Budget deal left farm bill intact

Direct payments get a reprieve

— As part of the broad budget deal reached by Congress on the first day of the year, lawmakers extended billions of dollars worth of federal agriculture programs, including upfront payments that are made to farmers.

The extension, which keeps current agriculture policy in place until Oct. 1, retains “direct payments” made to farmers before they grow crops. Direct payments, which total about $5 billion a year, have long been targeted by members of both parties and were not included in legislation that passed in the Senate and cleared the House Agriculture Committee last year.

The previous farm bill that was signed into law in 2008 expired in October, and lawmakers have been unable to agree on a long-term funding plan for various programs run by the U.S. Department of Agriculture. Those programs include federal support for farmers, food-safety inspections, food stamp and nutrition programs, and environmental conservation efforts.

Arkansas’ U.S. Rep. Rick Crawford, a Jonesboro Republican and a member of the House Agriculture Committee, said he would have preferred a five-year farm bill. Farmers, he said, need to know what policy will be in place before they commit to large purchases of land and equipment.

“You need to have some level of long-term certainty before you decide to go out and buy another 1,000 acres,” he said.

Crawford, who will be chairman of the panel’s subcommittee on livestock, rural development and credit during the new session of Congress, did not vote for the broader budget deal.

Arkansas’ U.S. Sen. John Boozman, a Republican who sits on the Senate Agriculture Committee, voted for the short-term extension. He said he would’ve preferred a five-year farm bill overhaul, but attempts to include one in the broader bill failed.

“Everyone was so concentrated on the tax policy,” Boozman said. “The other things were just left by the wayside.”

Boozman’s and Crawford’s frustration that a longer-term deal couldn’t be reached was shared by members of a variety of commodity groups and Secretary of Agriculture Tom Vilsack, who said he was “disappointed” that legislators couldn’t pass a bill “to give rural America the long-term certainty they need and deserve.”

Critics of direct payments have long held that the payments don’t make sense, especially during periods of high commodity prices.

“We’re not really thrilled with them being renewed,” said Dean Clancy, legislative counsel at Freedom Works, a Washington group that advocates for smaller government. “The farm bill is absolutely ripe for savings.”

During debate last year on the farm bill, lawmakers attempted to make cuts, and legislation to kill direct payments was passed in the Senate and was pending in the House.

The Senate-passed bill would have funded programs at the USDA at $970 billion over 10 years, representing a $23 billion cut from the 2008 farm bill. The measure that languished in the House would have made $35 billion in cuts.

Crawford and Boozman have defended direct payments but they face vocal opposition in a tight budget climate.

In place of the direct payments, they said, they preferred an approach that was included in the House version of the legislation.
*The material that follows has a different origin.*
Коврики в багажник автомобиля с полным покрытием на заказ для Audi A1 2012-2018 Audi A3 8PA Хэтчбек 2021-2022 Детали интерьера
The House bill would have provided government support to farmers if prices dropped below a pre-determined level. That approach was more attractive to Southern growers of irrigated crops, such as rice and cotton, than was the Senate-passed bill, which would have provided support if a farm’s yield dropped below a pre-determined level.

Because irrigated crops have more consistent yields than other crops, they are more sensitive to price dips.

Arkansas farm experts said they were happily surprised that the payments were kept intact.

“This is pretty monumental for us,” said Randy Veach, the president of the Arkansas Farm Bureau.

Like many farming advocates, Veach would have preferred a five-year bill, but the nearly one-year extension, he said, will allow farmers to secure production loans before planting season. It will also, he said, allow his group to continue making the case for Southern farmers on Capitol Hill.

“I don’t think direct payments have a long shelf life,” said Ben Noble, executive director of the Arkansas Rice Federation.

But, he said, the ninemonth extension gives farmers a chance to advocate for the price-based payment system that was in the House bill.

“It gives us a little more time to argue our case,” he said.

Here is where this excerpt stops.